The task
Output only the stretch of the listing that starts at the line containing "Show full view: Lesure" and ends at the line containing "Comodino Sospeso Mini", reproduced exactly with both ends.

____

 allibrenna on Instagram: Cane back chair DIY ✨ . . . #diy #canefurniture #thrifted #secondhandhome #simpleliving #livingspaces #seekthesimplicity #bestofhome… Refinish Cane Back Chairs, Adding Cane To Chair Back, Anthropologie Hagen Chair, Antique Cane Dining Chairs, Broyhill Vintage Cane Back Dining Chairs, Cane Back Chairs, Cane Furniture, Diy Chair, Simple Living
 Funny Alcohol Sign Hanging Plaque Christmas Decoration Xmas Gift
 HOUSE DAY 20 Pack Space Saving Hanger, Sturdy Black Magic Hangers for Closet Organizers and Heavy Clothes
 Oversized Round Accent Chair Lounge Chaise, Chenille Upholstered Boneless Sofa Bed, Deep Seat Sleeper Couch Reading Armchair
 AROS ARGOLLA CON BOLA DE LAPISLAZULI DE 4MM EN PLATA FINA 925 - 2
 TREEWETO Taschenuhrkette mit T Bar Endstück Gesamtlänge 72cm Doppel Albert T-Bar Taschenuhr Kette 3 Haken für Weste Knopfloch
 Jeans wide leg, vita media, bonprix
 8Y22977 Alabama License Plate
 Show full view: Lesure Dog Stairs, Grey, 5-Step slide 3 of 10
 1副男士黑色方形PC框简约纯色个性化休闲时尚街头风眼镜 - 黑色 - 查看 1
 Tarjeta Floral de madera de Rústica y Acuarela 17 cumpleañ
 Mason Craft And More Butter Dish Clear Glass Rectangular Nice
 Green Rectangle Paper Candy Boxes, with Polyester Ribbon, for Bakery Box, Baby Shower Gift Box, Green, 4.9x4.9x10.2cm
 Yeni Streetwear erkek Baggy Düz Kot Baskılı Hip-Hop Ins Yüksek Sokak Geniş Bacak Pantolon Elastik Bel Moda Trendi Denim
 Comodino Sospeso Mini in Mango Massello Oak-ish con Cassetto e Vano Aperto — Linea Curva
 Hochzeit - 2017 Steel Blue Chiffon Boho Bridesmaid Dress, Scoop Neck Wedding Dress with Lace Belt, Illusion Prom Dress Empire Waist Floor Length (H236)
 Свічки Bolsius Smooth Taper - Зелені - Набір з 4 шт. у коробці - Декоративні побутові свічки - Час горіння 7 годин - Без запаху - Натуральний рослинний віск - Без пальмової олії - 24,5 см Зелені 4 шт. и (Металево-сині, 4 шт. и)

____

Result of this exercise
 Show full view: Lesure Dog Stairs, Grey, 5-Step slide 3 of 10
 1副男士黑色方形PC框简约纯色个性化休闲时尚街头风眼镜 - 黑色 - 查看 1
 Tarjeta Floral de madera de Rústica y Acuarela 17 cumpleañ
 Mason Craft And More Butter Dish Clear Glass Rectangular Nice
 Green Rectangle Paper Candy Boxes, with Polyester Ribbon, for Bakery Box, Baby Shower Gift Box, Green, 4.9x4.9x10.2cm
 Yeni Streetwear erkek Baggy Düz Kot Baskılı Hip-Hop Ins Yüksek Sokak Geniş Bacak Pantolon Elastik Bel Moda Trendi Denim
 Comodino Sospeso Mini in Mango Massello Oak-ish con Cassetto e Vano Aperto — Linea Curva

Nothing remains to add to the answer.